The AI/ML and HPC ecosystems share characteristics that make them difficult to serve:
- They both require specialized orchestration of many processors across systems,
- They both make use of hardware acceleration and
- They both have user communities who overwhelmingly prefer Python to other languages.
This session covers NVSHMEM4Py and NCCL4Py, libraries which make GPU-centric communication accessible to Python programmers without compromising performance or usability. NVSHMEM and NCCL are GPU-centric communication libraries primarily exposed through CUDA C++. These libraries address 3 common use cases:
- Performing collectives from GPU memory, using GPU cores and for mathematical operations,
- GPU to GPU communication with low-latency and high-bandwidth, and
- Enabling custom communication patterns and fusing communication with computation
NVSHMEM4Py and NCCL4Py offer this in Python, so AI/HPC practitioners can achieve high performance in multi-GPU programs without leaving Python. Our host APIs integrate with the cuda-Python ecosystem with array-oriented memory APIs. Point-to-point operations (put/get) and collectives (reduce) execute on CUDA streams, enabling overlapping communication with computation.

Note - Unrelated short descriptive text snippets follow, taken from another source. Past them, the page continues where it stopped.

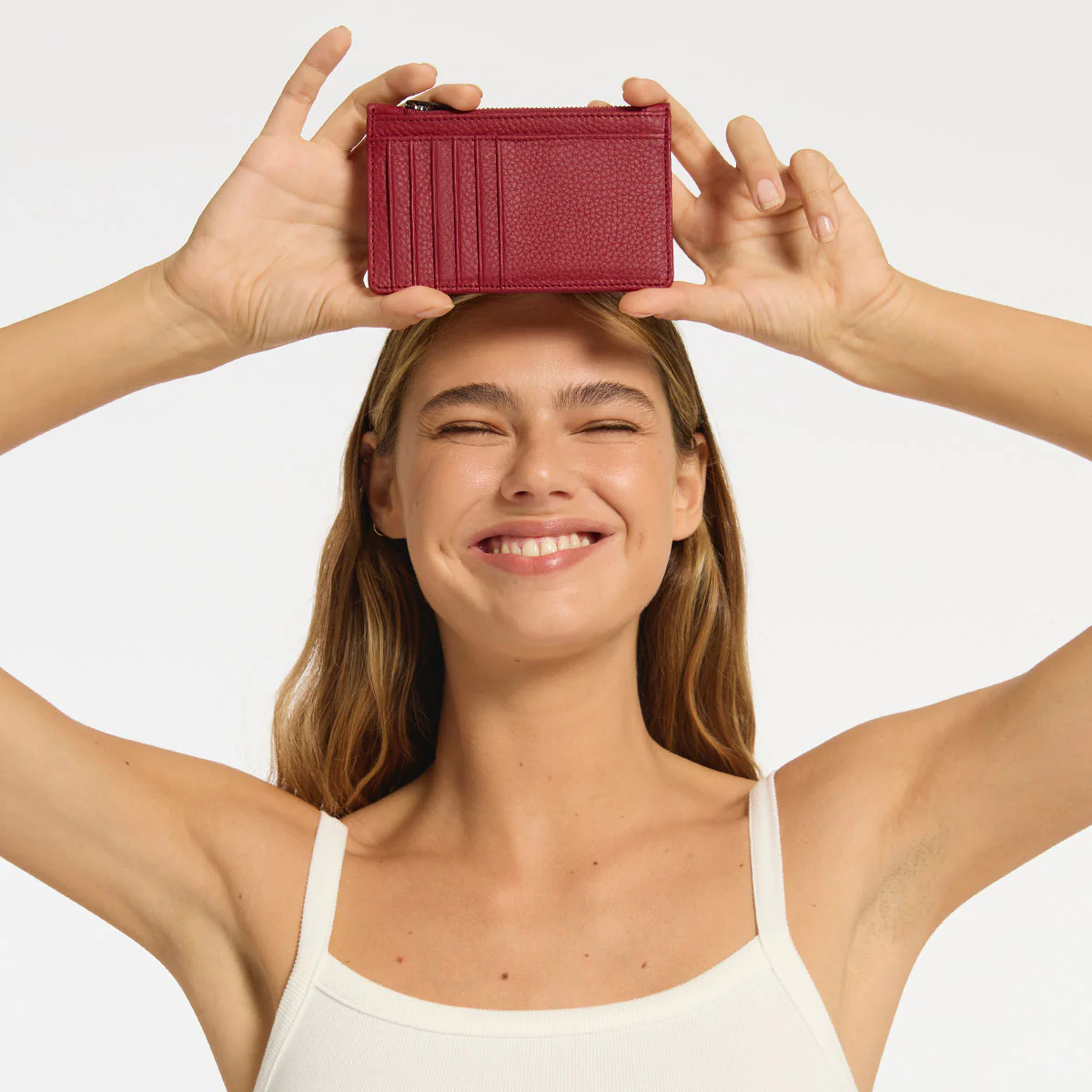 Avoiding Things Wallet - Rouge - Image 2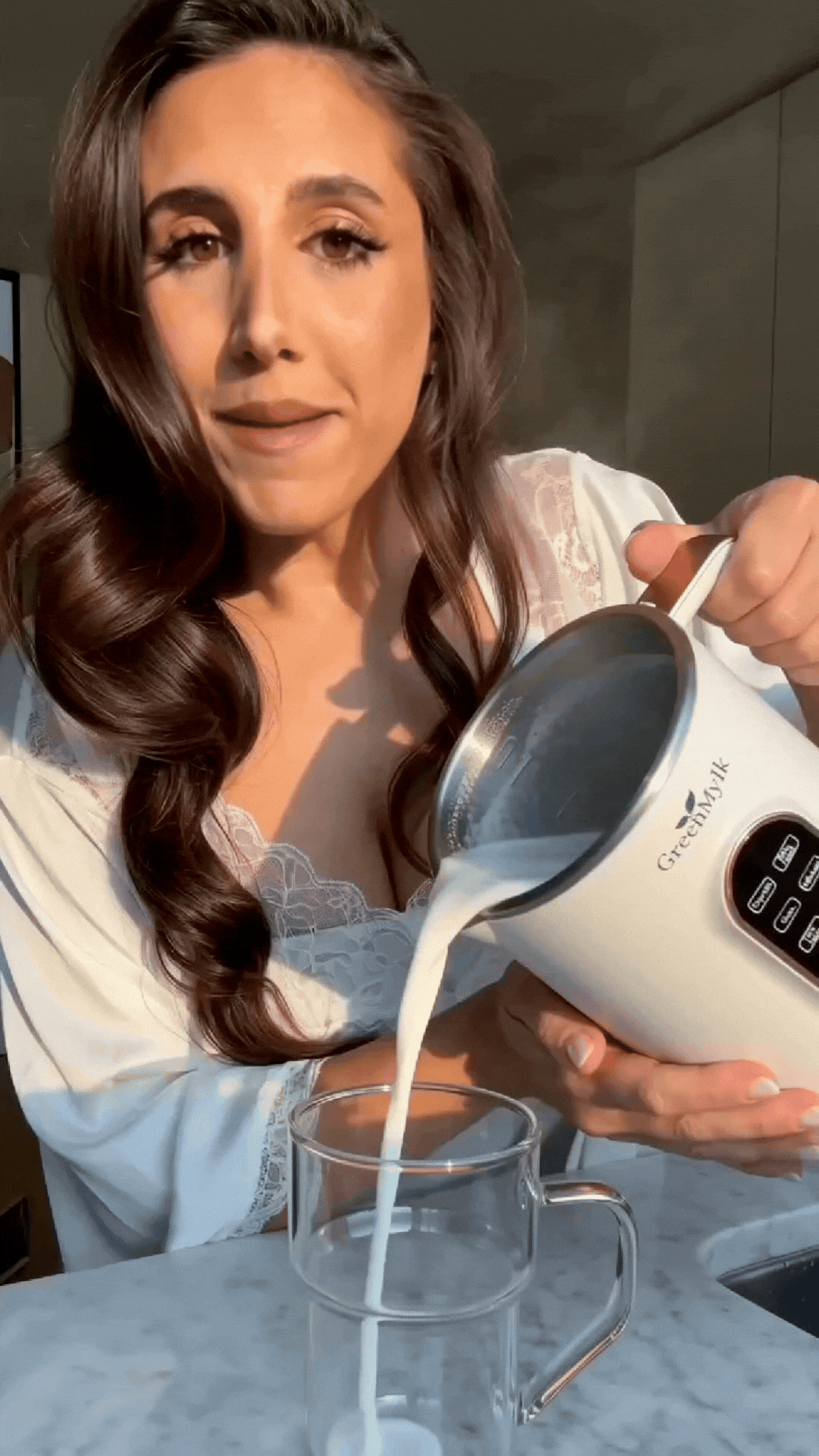 GreenMylk – מכשיר להכנת חלב צמחי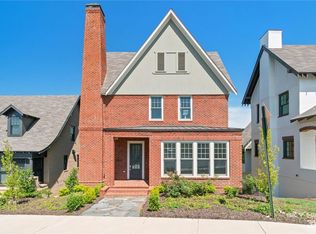 1816 N Clifton Ave, Fayetteville, AR 72701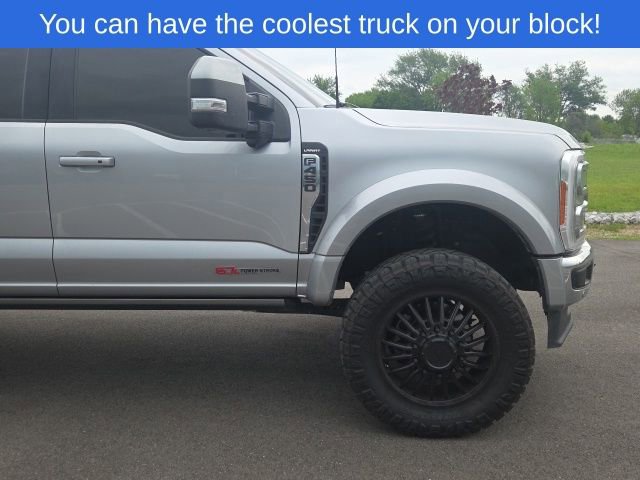 Certified 2023 Ford F450 Lariat w/ Lariat Ultimate Package AWD/4WD image 4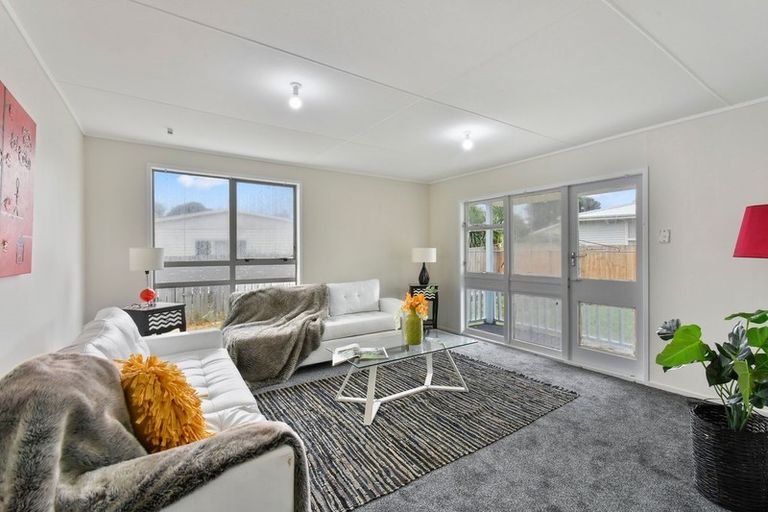 Photo of property in 20 Rountree Place, Conifer Grove, Takanini, 2112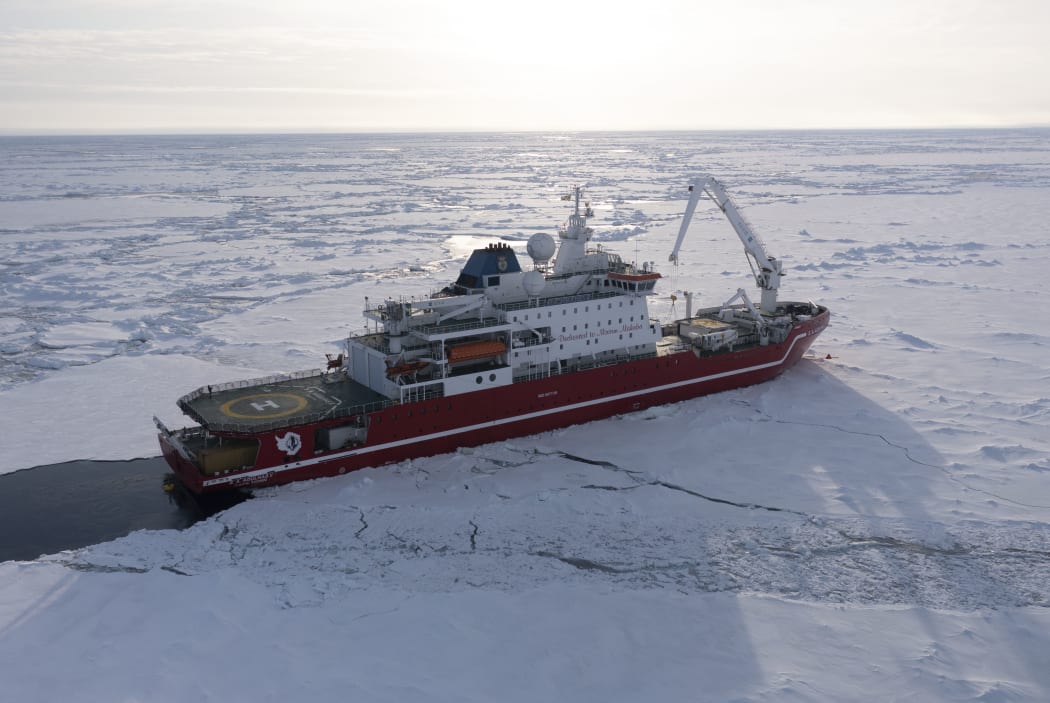 South African polar research and logistics vessel, S.A. Agulhas II - found Shackleton's ship, Endurance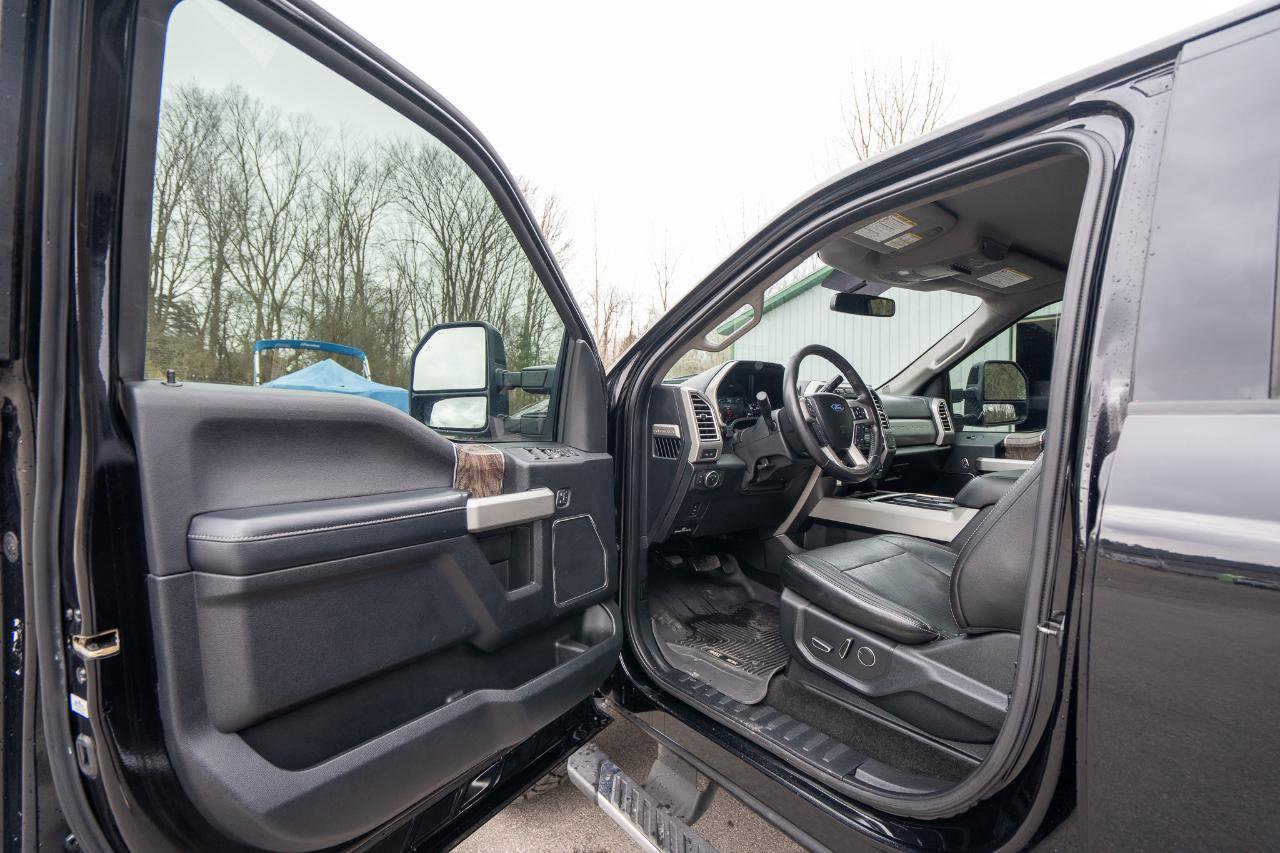 Used 2017 Ford F250 Lariat w/ Lariat Value Package image 12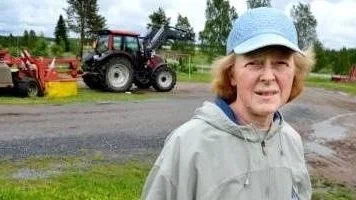 OROAD. Carin Kerttu, Kukkola, är en av de lantbrukare som förstökt påverka Mattias Laitamaa att sluta med GMO-odling. "Vi är oroliga för att resistensen smittar våra odlingar", säger hon.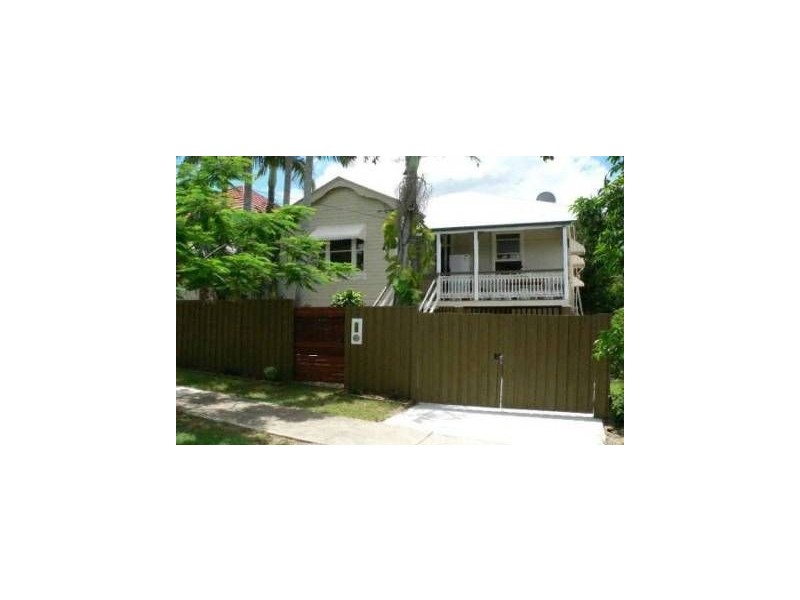 52 Maynard Street, Woolloongabba QLD 4102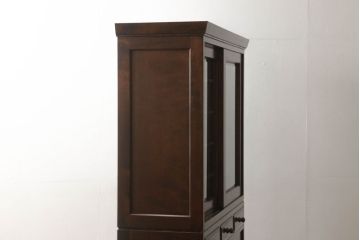 中古　美品　九州民芸家具　引き戸の木目が魅力!上品な佇まいの食器棚(収納棚、キャビネット、飾り棚、戸棚)(R-060260)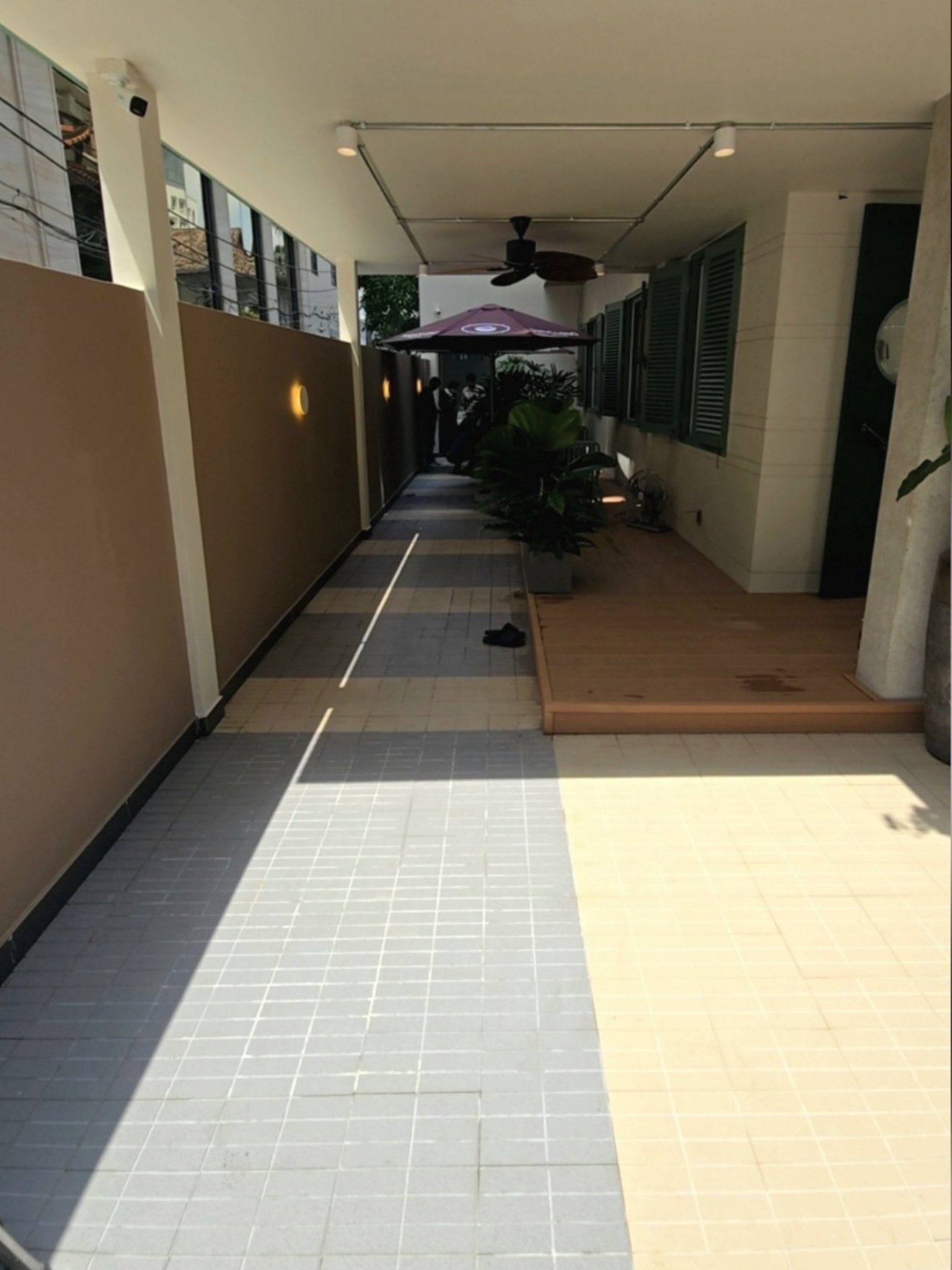 lối đi được vệ sinh sạch sẽ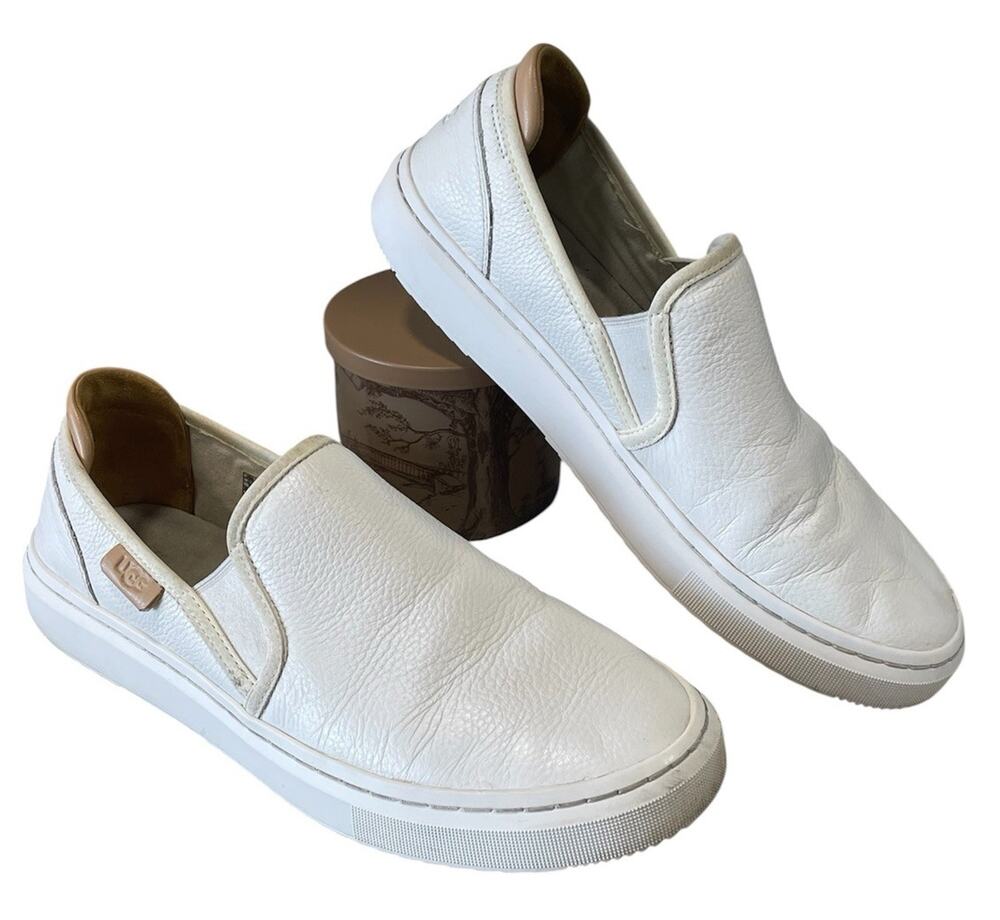 UGG Woman's Size 10 Alameda 1130779 White Cream Low Top Slip On Leather Sneaker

Device APIs expose GPU-initiated communication primitives into Python DSLs such as Numba and CuTe. Developers invoke GPU-resident operations (e.g., device_put) in the DSL, enabling custom/fused kernels in Python. For example, a user kernel can perform partial computation and push results to peer GPUs without host intervention. To generate the code and link Python to CUDA C++, we use Numbast to generate 1:1 Python bindings of device functions. We then write DSL code wrapping around those bindings for a Pythonic experience. At runtime, we JIT-compile the Python functions to LTO-IR, and link them against CUDA objects.
The presentation covers the details of our host and device APIs, some applications using them, and performance evaluations comparing the NVSHMEM/NCCL APIs across CUDA and Python.